Adding OCR Languages in VueScan

VueScan has built-in Optical Character Recognition (OCR) for English, Spanish, German, French and Italian in VueScan 9.8.35 and later.

VueScan uses Google’s Tesseract 3 for VueScan 9.8.34 and earlier, and Tesseract 5 for VueScan 9.8.35 and later.

There are 44 additional languages you can use by downloading one of the ocr_xx.bin files (for VueScan 9.8.34 and earlier) or xxx.traineddata files (for VueScan 9.8.35 and later) below.

These files contain data about the character set used in each of these languages, and the OCR results will be better if you use them.

To add support for additional languages in the “Output | OCR text language” option, you need to download a language-specific file. Store this file on your hard drive in one of the following locations:

Operating System	Download Location
macOS	/Users/Shared
Windows (VueScan 9.1 and earlier)	c:\vuescan
Windows (VueScan 9.2 and later)	same location as vuescan.log or c:\Program Files\VueScan
Linux	same location as vuescan.log or with vuescan executable program

Supported OCR Languages

Click on one of the links below and save the file in the location described above. You can find the additional languages and more accurate (albeit slower) trained data at https://github.com/tesseract-ocr. Note that you need to use one of the three letter language codes built into VueScan.

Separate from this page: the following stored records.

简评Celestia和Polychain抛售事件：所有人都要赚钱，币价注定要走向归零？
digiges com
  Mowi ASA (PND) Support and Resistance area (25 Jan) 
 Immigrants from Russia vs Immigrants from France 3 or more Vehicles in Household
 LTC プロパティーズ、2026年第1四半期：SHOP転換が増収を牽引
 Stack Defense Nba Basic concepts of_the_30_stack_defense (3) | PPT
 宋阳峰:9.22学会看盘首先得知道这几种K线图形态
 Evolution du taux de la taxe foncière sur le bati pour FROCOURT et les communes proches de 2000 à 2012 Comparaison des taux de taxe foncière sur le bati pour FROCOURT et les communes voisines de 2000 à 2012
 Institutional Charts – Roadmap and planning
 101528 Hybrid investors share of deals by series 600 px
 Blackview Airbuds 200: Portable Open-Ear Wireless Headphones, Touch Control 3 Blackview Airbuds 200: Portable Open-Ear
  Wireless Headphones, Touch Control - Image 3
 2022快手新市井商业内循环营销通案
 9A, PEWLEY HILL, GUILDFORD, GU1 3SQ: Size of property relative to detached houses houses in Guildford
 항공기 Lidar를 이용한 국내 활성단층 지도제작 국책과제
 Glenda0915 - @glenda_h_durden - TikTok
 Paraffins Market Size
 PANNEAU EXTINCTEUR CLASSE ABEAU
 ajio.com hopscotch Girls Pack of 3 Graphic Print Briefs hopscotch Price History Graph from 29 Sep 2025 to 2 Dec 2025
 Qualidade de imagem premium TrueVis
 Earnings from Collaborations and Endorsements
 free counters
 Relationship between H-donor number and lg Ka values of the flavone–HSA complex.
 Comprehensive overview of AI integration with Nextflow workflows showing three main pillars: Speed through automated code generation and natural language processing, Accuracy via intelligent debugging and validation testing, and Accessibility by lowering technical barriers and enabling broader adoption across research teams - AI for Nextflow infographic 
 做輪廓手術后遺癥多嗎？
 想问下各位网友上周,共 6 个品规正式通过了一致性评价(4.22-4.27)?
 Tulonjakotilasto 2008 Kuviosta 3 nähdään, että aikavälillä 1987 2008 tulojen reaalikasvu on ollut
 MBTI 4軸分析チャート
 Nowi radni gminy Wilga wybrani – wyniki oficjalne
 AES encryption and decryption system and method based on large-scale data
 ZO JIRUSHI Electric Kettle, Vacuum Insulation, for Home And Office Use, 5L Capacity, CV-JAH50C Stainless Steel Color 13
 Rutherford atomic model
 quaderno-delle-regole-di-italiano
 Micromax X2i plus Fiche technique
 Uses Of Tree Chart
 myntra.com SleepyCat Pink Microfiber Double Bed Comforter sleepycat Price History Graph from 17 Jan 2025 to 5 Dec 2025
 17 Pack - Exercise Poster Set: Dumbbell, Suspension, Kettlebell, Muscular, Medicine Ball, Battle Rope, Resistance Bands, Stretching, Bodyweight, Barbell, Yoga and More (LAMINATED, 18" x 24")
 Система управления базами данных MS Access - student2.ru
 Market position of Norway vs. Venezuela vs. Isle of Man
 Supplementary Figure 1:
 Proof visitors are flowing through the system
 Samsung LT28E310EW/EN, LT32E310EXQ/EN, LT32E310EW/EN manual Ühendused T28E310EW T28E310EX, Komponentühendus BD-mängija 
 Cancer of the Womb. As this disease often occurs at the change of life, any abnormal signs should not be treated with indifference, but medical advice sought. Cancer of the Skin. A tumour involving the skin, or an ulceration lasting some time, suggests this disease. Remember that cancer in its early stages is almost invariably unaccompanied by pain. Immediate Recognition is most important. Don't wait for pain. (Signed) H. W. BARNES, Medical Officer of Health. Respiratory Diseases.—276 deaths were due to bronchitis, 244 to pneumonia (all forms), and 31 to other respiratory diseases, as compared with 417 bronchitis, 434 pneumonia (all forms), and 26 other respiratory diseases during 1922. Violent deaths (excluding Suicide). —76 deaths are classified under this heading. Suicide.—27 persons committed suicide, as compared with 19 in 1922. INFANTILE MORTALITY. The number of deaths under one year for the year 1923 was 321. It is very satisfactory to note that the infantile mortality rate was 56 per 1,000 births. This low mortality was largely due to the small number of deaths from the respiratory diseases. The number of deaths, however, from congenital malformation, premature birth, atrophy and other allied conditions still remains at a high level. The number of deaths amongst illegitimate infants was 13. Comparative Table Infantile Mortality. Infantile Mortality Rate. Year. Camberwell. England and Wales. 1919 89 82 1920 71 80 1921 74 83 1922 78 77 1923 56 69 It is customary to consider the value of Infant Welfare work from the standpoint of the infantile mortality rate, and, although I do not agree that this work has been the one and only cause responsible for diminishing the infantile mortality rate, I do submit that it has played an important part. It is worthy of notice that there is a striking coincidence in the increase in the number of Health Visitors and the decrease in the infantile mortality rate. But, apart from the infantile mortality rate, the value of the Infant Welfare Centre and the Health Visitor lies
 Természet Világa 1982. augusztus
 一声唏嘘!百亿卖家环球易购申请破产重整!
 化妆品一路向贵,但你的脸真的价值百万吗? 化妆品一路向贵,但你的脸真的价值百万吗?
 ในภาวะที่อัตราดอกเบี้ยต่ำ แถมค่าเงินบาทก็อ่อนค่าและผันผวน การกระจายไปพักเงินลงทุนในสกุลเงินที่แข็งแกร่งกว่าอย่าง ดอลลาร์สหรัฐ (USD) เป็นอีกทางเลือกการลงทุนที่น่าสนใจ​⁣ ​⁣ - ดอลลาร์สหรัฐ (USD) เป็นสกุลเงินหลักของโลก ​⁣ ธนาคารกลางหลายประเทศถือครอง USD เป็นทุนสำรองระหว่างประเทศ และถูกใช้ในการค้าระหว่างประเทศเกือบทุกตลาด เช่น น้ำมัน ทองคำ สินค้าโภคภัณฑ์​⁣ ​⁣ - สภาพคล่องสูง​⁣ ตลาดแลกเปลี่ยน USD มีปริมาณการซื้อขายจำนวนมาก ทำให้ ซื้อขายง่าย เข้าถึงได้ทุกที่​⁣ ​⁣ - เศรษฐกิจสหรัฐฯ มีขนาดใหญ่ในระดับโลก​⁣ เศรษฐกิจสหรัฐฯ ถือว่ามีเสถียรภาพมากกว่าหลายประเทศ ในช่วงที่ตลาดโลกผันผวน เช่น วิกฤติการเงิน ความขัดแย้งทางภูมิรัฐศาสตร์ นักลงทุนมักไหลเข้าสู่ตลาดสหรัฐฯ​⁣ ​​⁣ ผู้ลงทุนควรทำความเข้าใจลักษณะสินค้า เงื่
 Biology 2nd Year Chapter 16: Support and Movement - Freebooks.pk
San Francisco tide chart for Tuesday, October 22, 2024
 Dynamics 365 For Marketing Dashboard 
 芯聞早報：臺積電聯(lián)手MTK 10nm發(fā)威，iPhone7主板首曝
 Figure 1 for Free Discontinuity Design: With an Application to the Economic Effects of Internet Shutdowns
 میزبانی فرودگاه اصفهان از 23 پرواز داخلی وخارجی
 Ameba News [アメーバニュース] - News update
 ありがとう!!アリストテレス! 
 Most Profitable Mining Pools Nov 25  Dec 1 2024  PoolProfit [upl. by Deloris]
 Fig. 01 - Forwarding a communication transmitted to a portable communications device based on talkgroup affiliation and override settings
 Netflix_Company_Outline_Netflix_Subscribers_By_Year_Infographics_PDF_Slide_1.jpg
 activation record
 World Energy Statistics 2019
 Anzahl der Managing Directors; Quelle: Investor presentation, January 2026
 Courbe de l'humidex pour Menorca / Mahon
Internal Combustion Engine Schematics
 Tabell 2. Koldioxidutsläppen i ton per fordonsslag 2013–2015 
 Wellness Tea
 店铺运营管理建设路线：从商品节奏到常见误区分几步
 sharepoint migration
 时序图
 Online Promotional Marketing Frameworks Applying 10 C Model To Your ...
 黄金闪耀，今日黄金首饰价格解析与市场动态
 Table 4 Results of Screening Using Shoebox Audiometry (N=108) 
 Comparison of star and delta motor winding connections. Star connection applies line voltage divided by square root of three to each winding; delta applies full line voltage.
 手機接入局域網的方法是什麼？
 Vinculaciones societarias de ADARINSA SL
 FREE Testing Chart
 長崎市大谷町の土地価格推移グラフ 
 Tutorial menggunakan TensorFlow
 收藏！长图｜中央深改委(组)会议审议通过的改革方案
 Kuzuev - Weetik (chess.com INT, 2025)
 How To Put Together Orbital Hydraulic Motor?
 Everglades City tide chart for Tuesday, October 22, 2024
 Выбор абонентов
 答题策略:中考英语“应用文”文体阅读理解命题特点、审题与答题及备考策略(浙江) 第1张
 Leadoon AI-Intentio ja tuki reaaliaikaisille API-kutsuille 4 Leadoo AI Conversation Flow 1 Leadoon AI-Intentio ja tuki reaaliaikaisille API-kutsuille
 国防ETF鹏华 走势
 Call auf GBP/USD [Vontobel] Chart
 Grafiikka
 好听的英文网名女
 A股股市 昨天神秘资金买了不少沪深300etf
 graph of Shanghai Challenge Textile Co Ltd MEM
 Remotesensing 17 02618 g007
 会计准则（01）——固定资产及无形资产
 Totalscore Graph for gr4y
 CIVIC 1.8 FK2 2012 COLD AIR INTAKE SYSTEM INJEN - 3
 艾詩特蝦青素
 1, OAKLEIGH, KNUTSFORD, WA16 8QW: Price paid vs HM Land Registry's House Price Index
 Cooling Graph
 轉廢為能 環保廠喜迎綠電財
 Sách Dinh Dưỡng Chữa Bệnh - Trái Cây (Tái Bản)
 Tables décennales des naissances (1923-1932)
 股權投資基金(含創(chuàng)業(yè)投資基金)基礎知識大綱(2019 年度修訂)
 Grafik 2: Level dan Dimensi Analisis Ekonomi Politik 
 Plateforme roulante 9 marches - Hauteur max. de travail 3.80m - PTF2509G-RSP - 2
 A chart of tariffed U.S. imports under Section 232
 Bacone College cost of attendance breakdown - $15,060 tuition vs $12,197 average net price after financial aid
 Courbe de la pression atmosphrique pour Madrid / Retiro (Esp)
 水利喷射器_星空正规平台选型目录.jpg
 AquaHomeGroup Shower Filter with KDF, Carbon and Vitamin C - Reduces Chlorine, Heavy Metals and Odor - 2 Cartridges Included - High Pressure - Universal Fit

9.8.34 and earlier	9.8.35 and later	Language
ocr_bg.bin	bul.traineddata	Bulgarian
ocr_ca.bin	cat.traineddata	Catalan
ocr_zh.bin	zho.traineddata	Chinese (Simplified)
ocr_tw.bin	zht.traineddata	Chinese (Traditional)
ocr_cs.bin	ces.traineddata	Czech
ocr_da.bin	dan.traineddata	Danish
ocr_nl.bin	nld.traineddata	Dutch
ocr_en.bin (built-in)	eng.traineddata (built-in)	English
ocr_fi.bin	fin.traineddata	Finnish
ocr_fr.bin	fra.traineddata (built-in)	French
ocr_de.bin	deu.traineddata (built-in)	German
ocr_el.bin	ell.traineddata	Greek
ocr_hu.bin	hun.traineddata	Hungarian
ocr_id.bin	ind.traineddata	Indonesian
ocr_it.bin	ita.traineddata (built-in)	italian
ocr_ja.bin	jpn.traineddata	Japanese
ocr_ko.bin	kor.traineddata	Korean
ocr_lv.bin	lav.traineddata	Latvian
ocr_lt.bin	lit.traineddata	Lithuanian
ocr_no.bin	nor.traineddata	Norwegian
ocr_pl.bin	pol.traineddata	Polish
ocr_pt.bin	por.traineddata	Portuguese
ocr_ro.bin	ron.traineddata	Romanian
ocr_ru.bin	rus.traineddata	Russian
ocr_sr.bin	srp.traineddata	Serbian
ocr_sk.bin	slk.traineddata	Slovak
ocr_sl.bin	slv.traineddata	Slovenian
ocr_es.bin	spa.traineddata (built-in)	Spanish
ocr_sv.bin	swe.traineddata	Swedish
ocr_th.bin	tha.traineddata	Thai
ocr_tl.bin	fil.traineddata	Tagalog
ocr_tr.bin	tur.traineddata	Turkish
ocr_uk.bin	ukr.traineddata	Ukrainian
ocr_vi.bin	vie.traineddata	Vietnamese
	ara.traineddata	Arabic
	ben.traineddata	Bengali
	fas.traineddata	Persian
	guj.traineddata	Gujarati
	heb.traineddata	Hebrew
	hin.traineddata	Hindi
	mar.traineddata	Marathi
	tam.traineddata	Tamil
	tel.traineddata	Telugu
	urd.traineddata	Urdu